_What is expected_. In your copy, leave out the pictures and reproduce the listing below exactly.

━━ Records for the task ━━

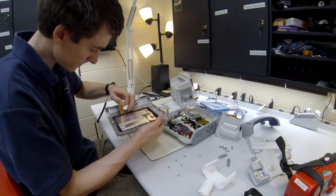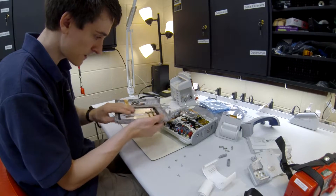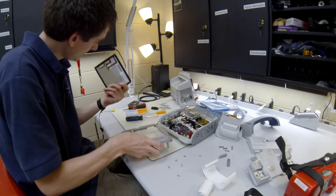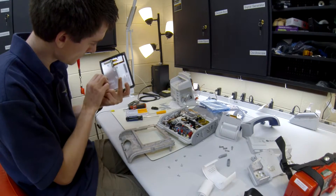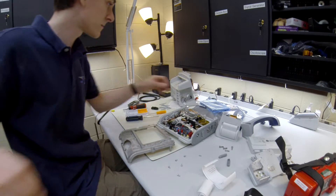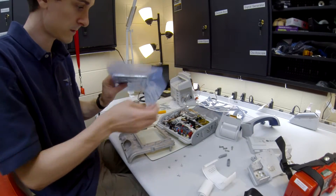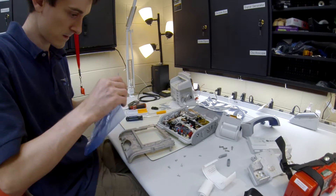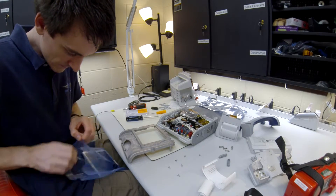We are going to pull this piece off. Pop out the LCD — nothing on there that we need to save. So here is our new LCD screen. Actually, we need to save that black piece.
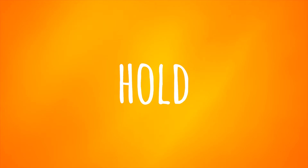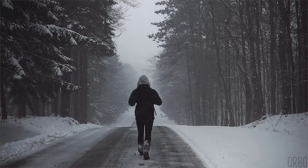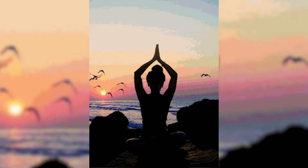Box breathing is a five-count inhale, a five-count hold, a five-count exhale, and a five-count hold of that empty lung space. That's it. You can do it while you're driving, while you're walking, while you're sitting, or laying down. You can do it anywhere.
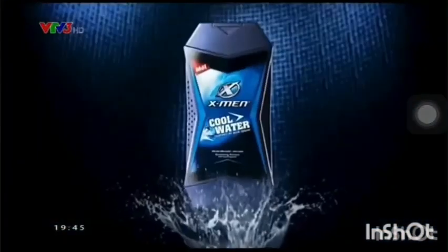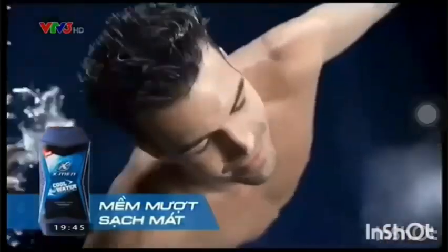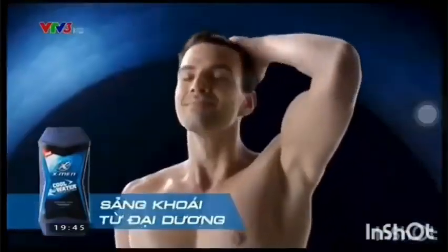Hãy subscribe cho kênh Ghiền Mì Gõ để không bỏ lỡ những video hấp dẫn. (Translation: Please subscribe to the Ghiền Mì Gõ channel so you don't miss any exciting videos.)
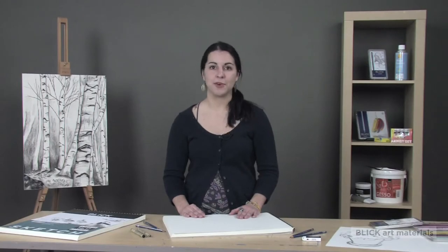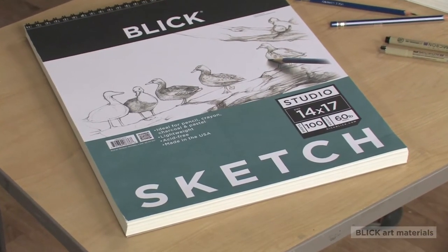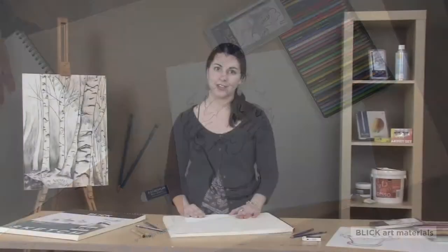If you are looking for a quality paper for quick sketches, studies, or practicing techniques, Blick Studio Sketch Pads are an economical choice for both beginning and experienced artists.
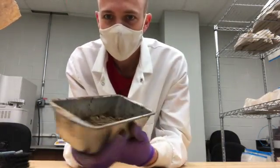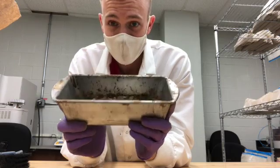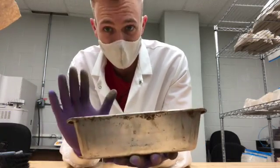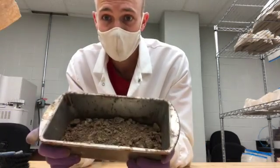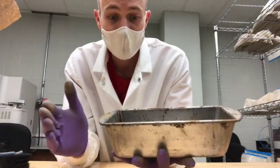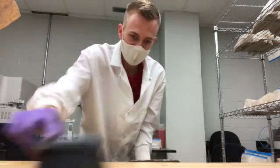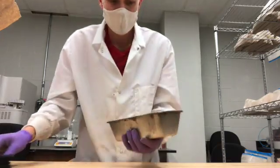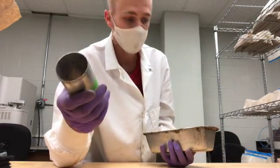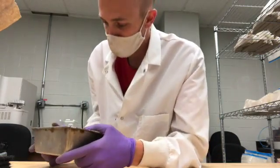And voila — it's ready to go in the oven. After it's been in the oven, I'll take it out, put this pan on the scale, and because I took the initial tare weight of the pan, I can subtract the pan's weight and get the mass of the soil. To get bulk density — grams per centimeter cubed, so mass per volume — you take the grams of the soil divided by the volume of this cylinder.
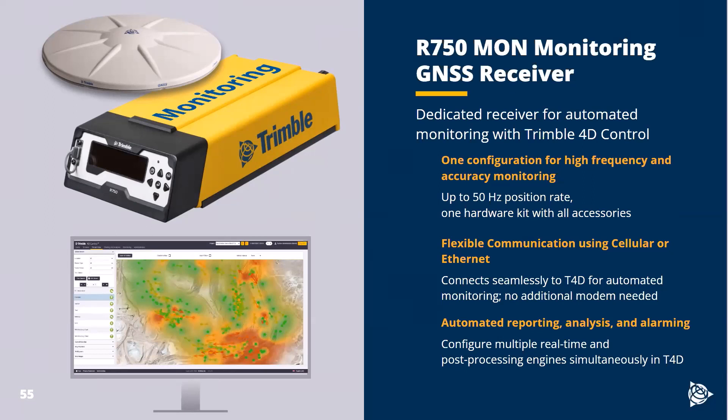Because it's for monitoring, we lock it to T4D, so it can't be used as a base and rover setup and can't send corrections out. All it's doing is recording that position and transmitting it to T4D. You get all the advantages of T4D — the reporting, the alarming, the processing, the analyses. We have a lot of resources on T4D and all the visualization, alarming, and reporting features. You can follow up on the monitoring YouTube channel, the monitoring website, or just feel free to reach out anytime and we can answer questions on a call or email.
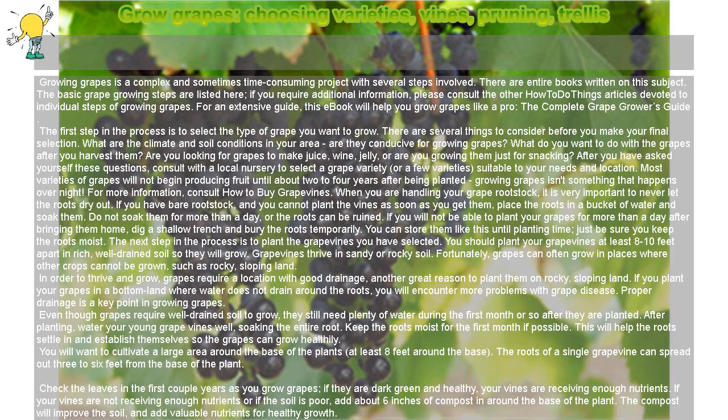When you are handling your grape rootstock, it is very important to never let the roots dry out. If you have bare rootstock and you cannot plant the vines as soon as you get them, place the roots in a bucket of water and soak them. Do not soak them for more than a day, or the roots can be ruined. If you will not be able to plant your grapes for more than a day after bringing them home, dig a shallow trench and bury the roots temporarily. You can store them like this until planting time, just be sure you keep the roots moist.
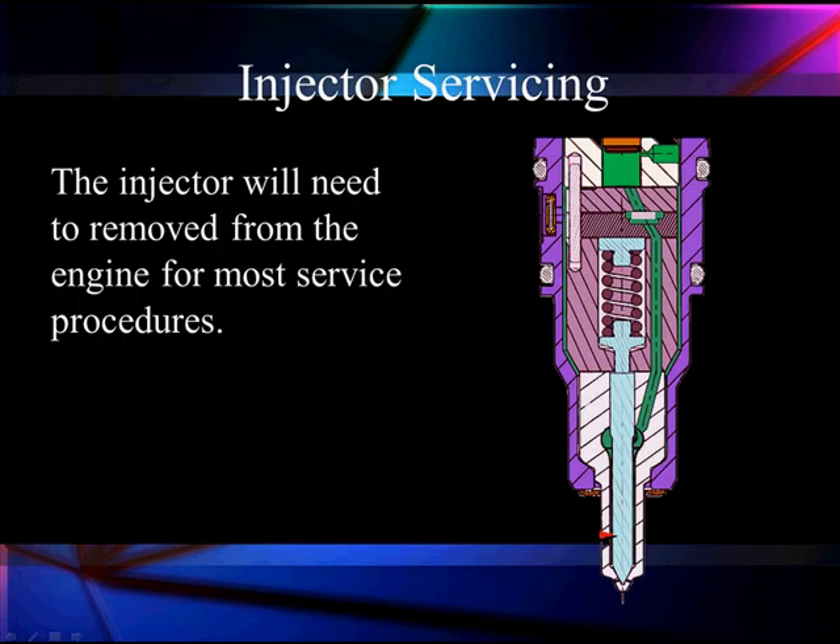We're going to take the time to talk about the various injector features we're going to look at. We want to use scan data and our scan tool to test this injector. To do that, we're going to look at certain areas.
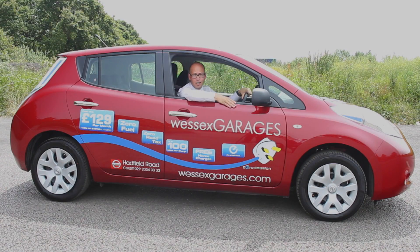Well, that concludes my guided tour of the Leaf this week. I hope you found it useful. If you'd like a more in-depth look, we actually have a good review of the Leaf on our Wessex Garages YouTube channel — I suggest it might be a good idea to have a look at that. In the meantime, I'm going to be setting off, and I'll speak to you next week. Bye for now.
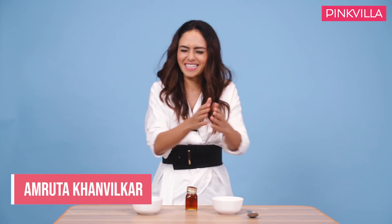Hi guys, hello and namaskar and welcome to the cooking show of Amrita Khan-Milkar. Do you think that I look like I cook or something? Well, I've just come from Bulgaria. I had a great time shooting for Khatron Ke Khiladi season 10.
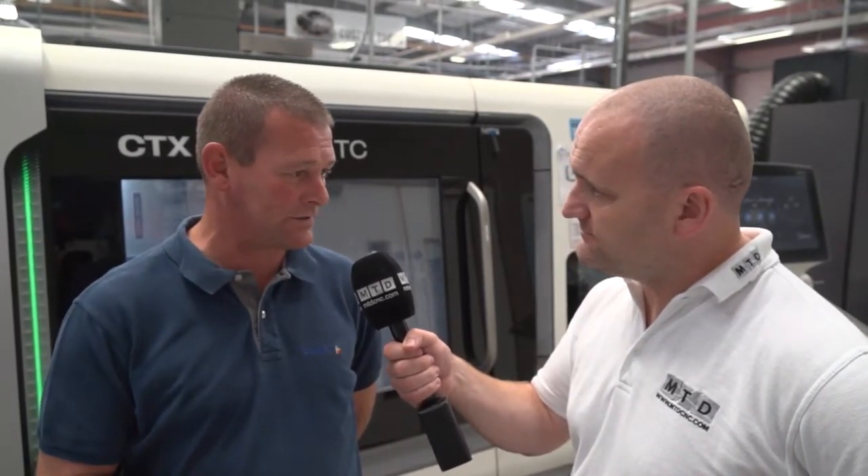When you say edge detection, what do you mean? With the edge detection, what we find generally in most cases is around about 15-20% of inserts — customer inserts — are thrown away with unused edges. Now with the chrome coating, you can see the edges that have been used; they are slightly blackened, and this then alerts the operators to what edges can be used, and obviously benefits the profitability of the companies.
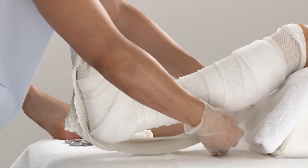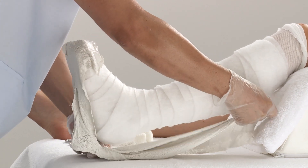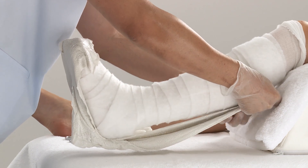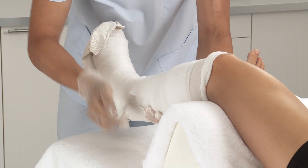Apply onto the patient's lower leg by folding some of the splint over the toes, placing it along the sole of the foot and the calf. Smooth and mold the splint down.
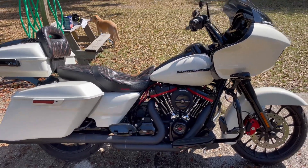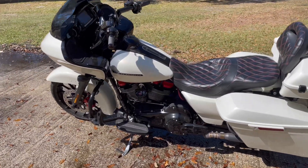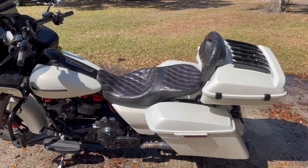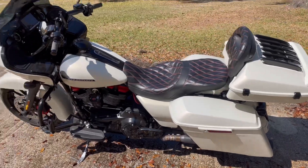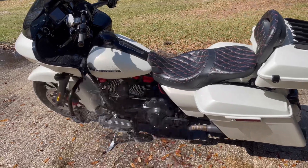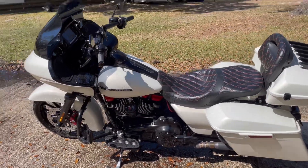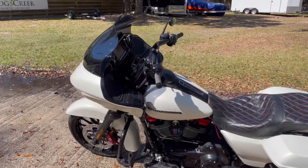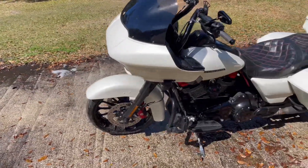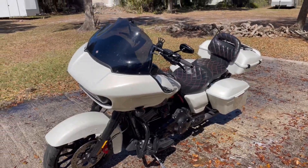Anyway, like with any wash you always want to start by rinsing it down — unless you're doing the waterless wash, then obviously don't rinse down your bike. But yeah, you just want to get it wet. I like to go through and actually kind of spray it real good, get as much dirt as I can off of it, and then I come back with the spray that I'm going to be actually cleaning with, spray it on there, and do a nice little rinse.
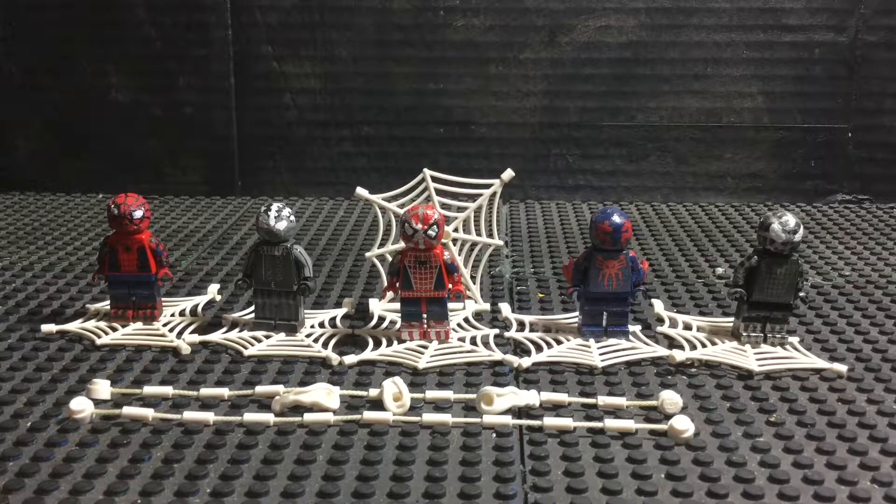Hey, what's up, you guys? My name is AlbersGolf, and welcome back to LEGO Arts. So in the last episode, we did a showcase of LEGO Bendy and the Ink Machine Wave 3, which showcased the Butcher Gang.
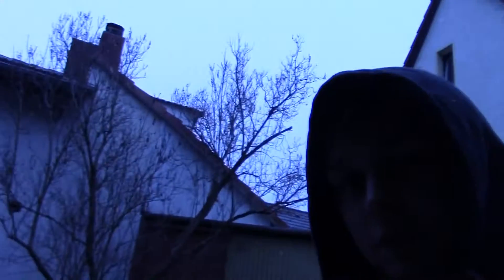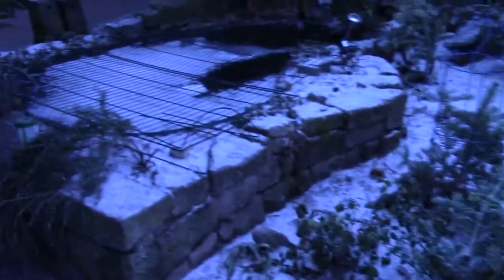Wir können leider wirklich nicht lange aufnehmen, weil es schneit. So ein bisschen. Sieht man das? Schnee? Nein? Ich zeige es mal – hier, ein bisschen schneit. Nicht viel, aber ein bisschen.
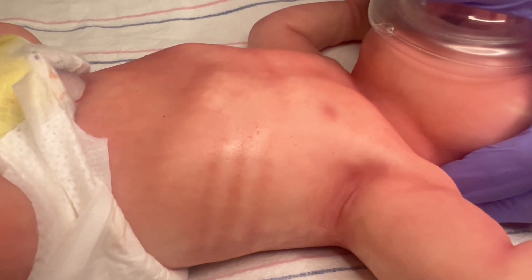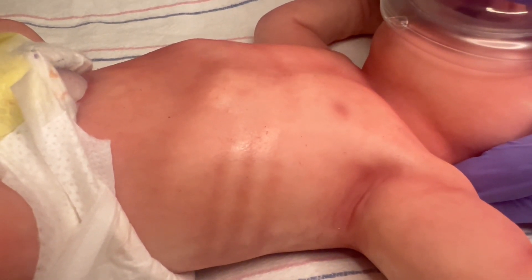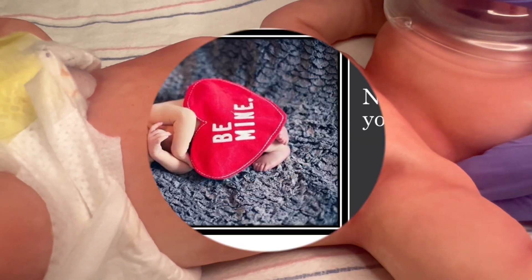Once you feel the airway is cleared, it's time to repeat MR. SOPA, looking for chest rise, increase in heart rate, and increase in saturations.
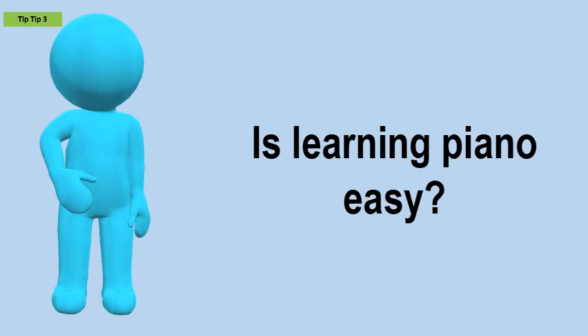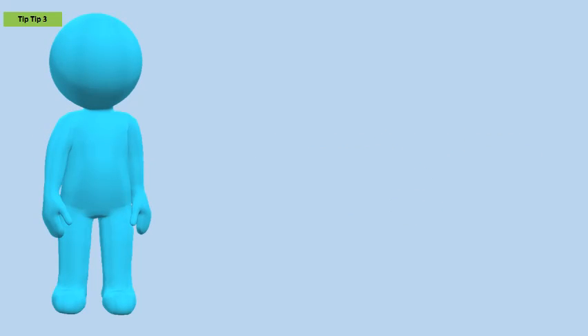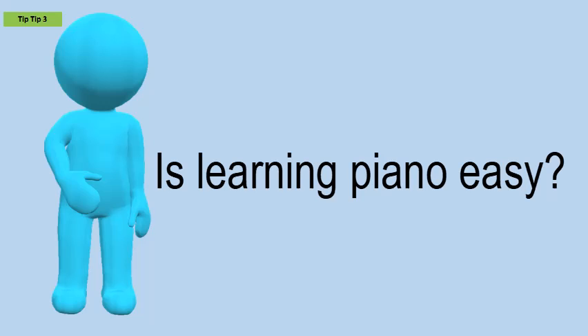Is learning piano easy? For piano students, the learning curve can slow down as they develop the necessary coordination to use both hands on the keys and play different chords and melodies. With guitar, playing tends to get easier over time as students often learn chords and several songs faster than a piano student might.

━━━

_Written solution_.
We are going to pull this piece off. Pop out the LCD — nothing on there that we need to save. So here is our new LCD screen. Actually, we need to save that black piece.
Box breathing is a five-count inhale, a five-count hold, a five-count exhale, and a five-count hold of that empty lung space. That's it. You can do it while you're driving, while you're walking, while you're sitting, or laying down. You can do it anywhere.
Hãy subscribe cho kênh Ghiền Mì Gõ để không bỏ lỡ những video hấp dẫn. (Translation: Please subscribe to the Ghiền Mì Gõ channel so you don't miss any exciting videos.)
If you are looking for a quality paper for quick sketches, studies, or practicing techniques, Blick Studio Sketch Pads are an economical choice for both beginning and experienced artists.
And voila — it's ready to go in the oven. After it's been in the oven, I'll take it out, put this pan on the scale, and because I took the initial tare weight of the pan, I can subtract the pan's weight and get the mass of the soil. To get bulk density — grams per centimeter cubed, so mass per volume — you take the grams of the soil divided by the volume of this cylinder.
Because it's for monitoring, we lock it to T4D, so it can't be used as a base and rover setup and can't send corrections out. All it's doing is recording that position and transmitting it to T4D. You get all the advantages of T4D — the reporting, the alarming, the processing, the analyses. We have a lot of resources on T4D and all the visualization, alarming, and reporting features. You can follow up on the monitoring YouTube channel, the monitoring website, or just feel free to reach out anytime and we can answer questions on a call or email.
When you are handling your grape rootstock, it is very important to never let the roots dry out. If you have bare rootstock and you cannot plant the vines as soon as you get them, place the roots in a bucket of water and soak them. Do not soak them for more than a day, or the roots can be ruined. If you will not be able to plant your grapes for more than a day after bringing them home, dig a shallow trench and bury the roots temporarily. You can store them like this until planting time, just be sure you keep the roots moist.
We're going to take the time to talk about the various injector features we're going to look at. We want to use scan data and our scan tool to test this injector. To do that, we're going to look at certain areas.
Well, that concludes my guided tour of the Leaf this week. I hope you found it useful. If you'd like a more in-depth look, we actually have a good review of the Leaf on our Wessex Garages YouTube channel — I suggest it might be a good idea to have a look at that. In the meantime, I'm going to be setting off, and I'll speak to you next week. Bye for now.
Hi guys, hello and namaskar and welcome to the cooking show of Amrita Khan-Milkar. Do you think that I look like I cook or something? Well, I've just come from Bulgaria. I had a great time shooting for Khatron Ke Khiladi season 10.
When you say edge detection, what do you mean? With the edge detection, what we find generally in most cases is around about 15-20% of inserts — customer inserts — are thrown away with unused edges. Now with the chrome coating, you can see the edges that have been used; they are slightly blackened, and this then alerts the operators to what edges can be used, and obviously benefits the profitability of the companies.
Apply onto the patient's lower leg by folding some of the splint over the toes, placing it along the sole of the foot and the calf. Smooth and mold the splint down.
Anyway, like with any wash you always want to start by rinsing it down — unless you're doing the waterless wash, then obviously don't rinse down your bike. But yeah, you just want to get it wet. I like to go through and actually kind of spray it real good, get as much dirt as I can off of it, and then I come back with the spray that I'm going to be actually cleaning with, spray it on there, and do a nice little rinse.
Hey, what's up, you guys? My name is AlbersGolf, and welcome back to LEGO Arts. So in the last episode, we did a showcase of LEGO Bendy and the Ink Machine Wave 3, which showcased the Butcher Gang.
Wir können leider wirklich nicht lange aufnehmen, weil es schneit. So ein bisschen. Sieht man das? Schnee? Nein? Ich zeige es mal – hier, ein bisschen schneit. Nicht viel, aber ein bisschen.
Once you feel the airway is cleared, it's time to repeat MR. SOPA, looking for chest rise, increase in heart rate, and increase in saturations.
Is learning piano easy? For piano students, the learning curve can slow down as they develop the necessary coordination to use both hands on the keys and play different chords and melodies. With guitar, playing tends to get easier over time as students often learn chords and several songs faster than a piano student might.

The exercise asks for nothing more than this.